XPlane2Blender icon indicating copy to clipboard operation
XPlane2Blender copied to clipboard

249: Any string value from 2.49 may result in UnicodeDecodeError

Open tngreene opened this issue 5 years ago • 7 comments

I thought that only some Image Datablock names were haunted, but it turns out other ones can be too.

Observe this print out from colmita's example.

File "C:\Users\Ted\AppData\Roaming\Blender Foundation\Blender\2.79\scripts\addons\io_xplane2blender\xplane_249_converter\xplane_249_material_converter.py", line 515, in <lambda>
    sorted_ll_mats = sorted(filter(lambda m:m.name.startswith(new_name), bpy.data.materials), key=get_ll_index)
UnicodeDecodeError: 'utf-8' codec can't decode byte 0xfc in position 9: invalid start byte

If it can truely be during the access of any datablock name that this can happen, and not just image datablocks and material datablocks, we could have a huge problem. After all, from my basic experimenting, we can't re-assaign the data with python because that counts as access!

Maybe we could do some sort of giant loop through every datablock's name, test the name, and if it fails warn the user that "the X type datablock after [the last one that worked] is haunted has a bad name and should be changed."

Maybe there will be some kind of pattern we can find, or a ctypes solution to get the name without Python (so many tears).

We can't put a UnicodeDecodeError exception around every name access!

tngreene avatar Sep 20 '19 17:09 tngreene

Found another in yusuke's example.

  File "C:\Users\Ted\AppData\Roaming\Blender Foundation\Blender\2.79\scripts\addons\io_xplane2blender\xplane_249_converter\xplane_249_manip_decoder.py", line 356, in _getmanipulator
    manipulator_dict[manipulator_type][real_ondrej_attr_key] = prop.value
UnicodeDecodeError: 'utf-8' codec can't decode byte 0x81 in position 7: invalid start byte
~

manipulator_type comes from Blender data manipulator_type = obj.game.properties['manipulator_type'].value real_ondrej_attr_key comes from our own dictionary from getManipulators()

So, basically, any string in a 2.49 file is dangerous.

tngreene avatar Sep 20 '19 17:09 tngreene

I'm curious what is going to happen on non-Windows builds.
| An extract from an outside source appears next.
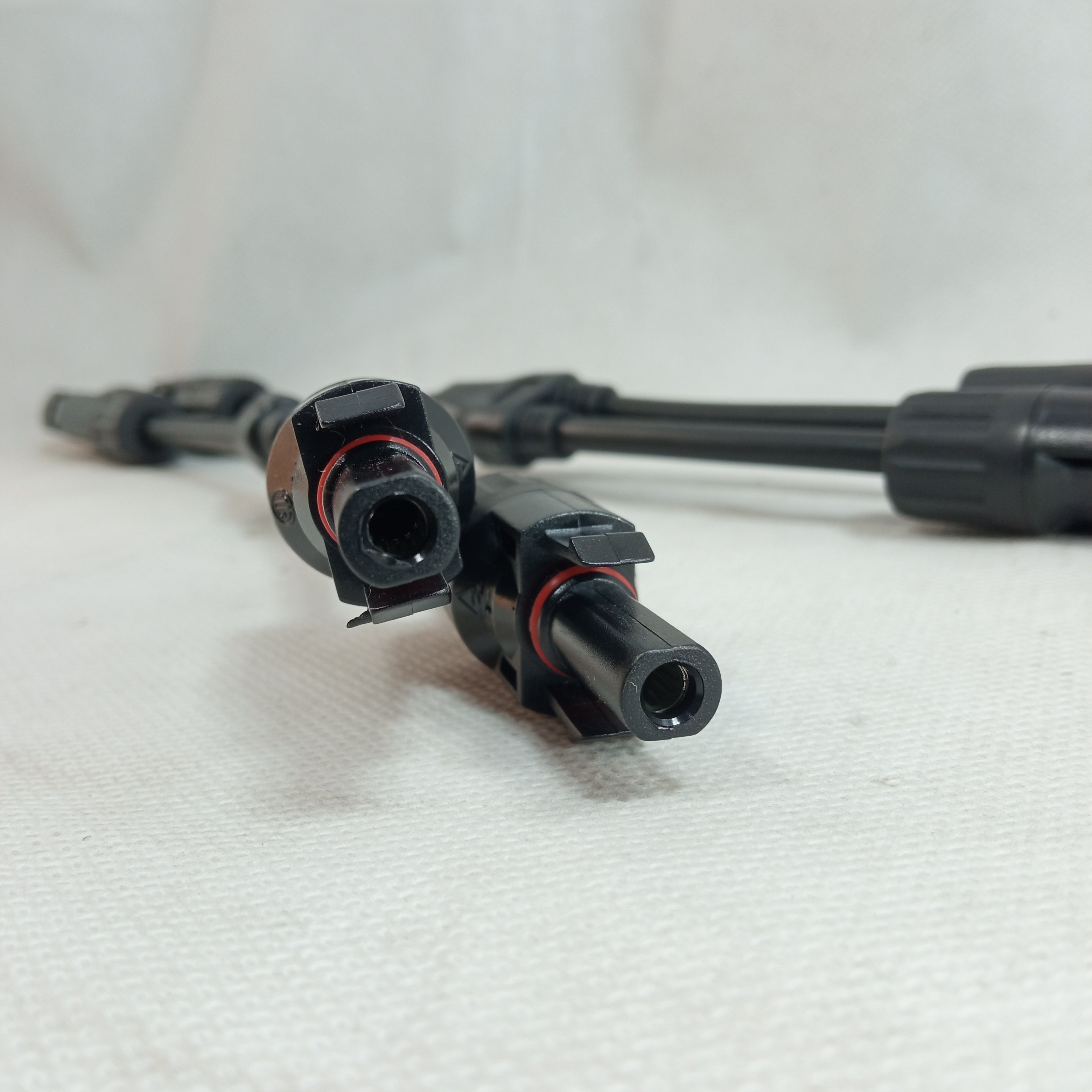 MC4 Y Branch Connector (Male/Female) for Parallel Solar in Pakistan - 2 in 1 thumbnail 3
Curious = terrified.

tngreene avatar Sep 20 '19 17:09 tngreene

Steps:

Make a new 2.49 file, make a cube with the name abcdé. Conversion gives

    for search_obj in sorted(list(filter(lambda obj: obj.type == "MESH", search_objs)), key=lambda x: x.name):
UnicodeDecodeError: 'utf-8' codec can't decode byte 0xe9 in position 4: invalid continuation byte

Then, delete the trailing character. It converts fine.

When opening the original abcdé file in 2.79, the UI says:

location: <unknown location>:-1
Traceback (most recent call last):
  File "C:\Users\Ted\utils\Media\blender-2.79b-windows64\2.79\scripts\startup\bl_ui\space_info.py", line 72, in draw
    row.label(text=scene.statistics(), translate=False)
UnicodeDecodeError: 'utf-8' codec can't decode byte 0xe9 in position 80: unexpected end of data

So, it appears any text that isn't in the text editor with Unicode characters in them breaks. Or something. One confusing thing is that the names that this thing is failing on don't necessarily (to the naked eye) have Unicode characters, and I guessing some of the artists didn't have any kind of international keyboard.

tngreene avatar Sep 20 '19 17:09 tngreene

In the python editor, typing in bpy.data.objects[ then pressing to auto complete it gives this monster.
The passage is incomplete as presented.